Since her trip, DeWitt has returned to Israel four more times, has volunteered with Passages, and will begin a full-time job with the organization in February as their program coordinator for media and communications.
Darion Ouliguian, 22, from Temecula, Calif., also reported a positive personal impact from his time in Israel in the winter of 2018. For him as a Christian, he said, it was “critical for my faith to visit the land of the Bible,” and “to see and witness the realities happening on the ground for myself.”
The trip, Ouliguian told JNS, “affirmed my faith in my God and the Bible, and that I was able to witness the very places where God had interacted with his people. Additionally, this experience allowed me to grow closer to the Jewish people by listening to their stories, seeing how they live their daily lives and witnessing the diversity of the Jewish people.”
Ouliguian returned to Israel this winter for the Passages fellowship program, helping to lead the trip on a bus with first-time participants.

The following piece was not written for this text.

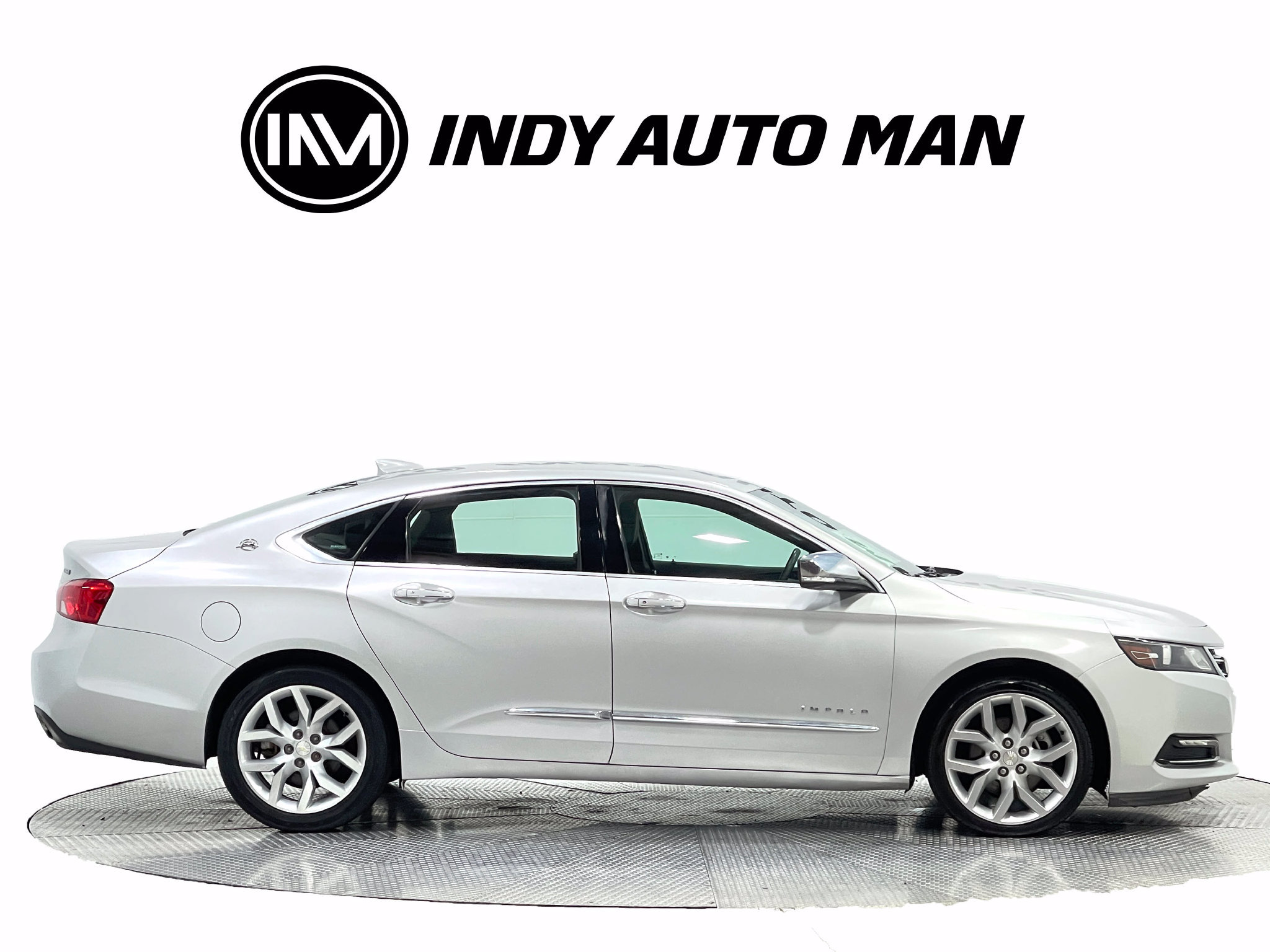 Used 2019 Chevrolet Impala Premier FWD image 3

“The more I visit Israel, the more I understand the need to share what I had witnessed and to continue to stand alongside the Jewish people,” he added. “With the rise of anti-Semitism around the world, now is the time for the future leaders to witness the realities that are truly happening on the ground and to interact with the Jewish people.”
‘A part of this land’
At the mega event on Jan. 2, various American and Israeli leaders similarly commented on the importance of the program.
Addressing the students, U.S. Ambassador to Israel David Friedman said, “At a time when many academic institutions can no longer be trusted to provide an honest and objective perspective on Israel, it is more important than ever that young student leaders have the opportunity to see the true picture for themselves.”
Michael Oren, former Knesset member and Israeli ambassador to the United States, remarked, “When you travel through this country, you have to know that this country belongs to you, too. It belongs to you because of what you believe in because this is part of your faith. Your faith gives you a part of this land and a part of this sacred city.”
“Never in history has there been a time like this, when Christians and Jews can gather around shared values—values that come from the Bible, a book we both share—to make the world a better place,” added co-founder Robert Nicholson. Passages, he told JNS, catalyzes a “latent love of scripture through an immersive experience in the land, creating a historic win for both Jews and Christians, and indeed, everyone who lives there.”
Rivka Kidron, co-founder of the program, told JNS that since its establishment, Passages has shown its students, who she called the religious, business, social and political leaders of tomorrow, “the land and its people, showing the complex reality and building empathy.”
For young Christians, she said, the experience “unveils the full cultural and historical context of their faith, strengthening their connection to Christianity at a key moment in their lives.”
As a result, she said, “thousands of students have come home from Israel with a renewed passion and purpose.”